A Quick Refresher on How Jaime Got His "Kingslayer" Nickname


Warning: Spoilers for Game of Thrones ahead!

As the final episodes of Game of Thrones continue to unravel, more and more characters who haven't met before are finally coming face to face. In the second episode of the season, another new pair of characters finally met: Jaime Lannister and Daenerys Targaryen. The Lannister knight, known as the Kingslayer, comes to Winterfell to keep his promise to stop the White Walkers, regardless of whether or not Cersei follows through with her part of the deal. Dany, however, is not pleased to see him and is reluctant to do anything except condemn him as a criminal — and she's got a pretty good reason.

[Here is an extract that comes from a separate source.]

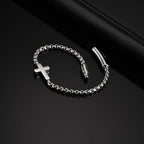 Bracciale con croce orizzontale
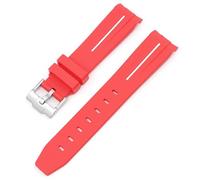 BBZ Correa de caucho suave Nueva correa de reloj de silicona compatible con Omega X Swatch Moon Watches Men Women 20mm Curved End Rubber Wrist Band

Before the series began, as viewers will remember, the Targaryens ruled Westeros, and Jaime was in the Kingsguard of Aerys II Targaryen, Dany's father. However, Aerys had a more popular moniker, the Mad King. Aerys reportedly suffered from a gradual onset of madness, in large part due to the Targaryen tradition of close-relative incest. During the rebellion led by Robert Baratheon, Aerys was killed when Jaime turned traitor and personally murdered him, thus paving the way for Robert to claim the throne (and Jaime's sister/lover, Cersei, to marry the new king and be queen). His action earned him the nickname of "Kingslayer," which has followed him ever since.

Although he did turn against the king, Jaime's killing of Aerys wasn't entirely unjustified. During the war, Aerys realised he had been betrayed by the Lannisters and turned to a plan he had hatched long ago. After developing an obsession with wildfire during his decline, he had placed the magical weapon all over King's Landing. When he learned of the Lannisters' betrayal, Aerys intended to set off the wildfire, burning the city and everyone in it, believing he would come through the flames as a dragon. Jaime murdered Aerys to stop this murderous plot — but, in a cruel irony, Jaime's own sister eventually carries out the same plan. In the sixth season, Cersei sets off some of the wildfire to destroy the Great Sept and everyone in it, including the religious leaders and entire Tyrell family gathered there for Cersei's trial and that of Loras Tyrell.

Although Dany is ultimately convinced to allow Jaime to fight with her army, thanks in large part to Brienne's testimony, it's clear that she hasn't forgiven him for killing her father. Even so, Jaime is a different man now than he was long ago. Whether or not this comes back into play as the final episodes pan out, we can only wait and watch.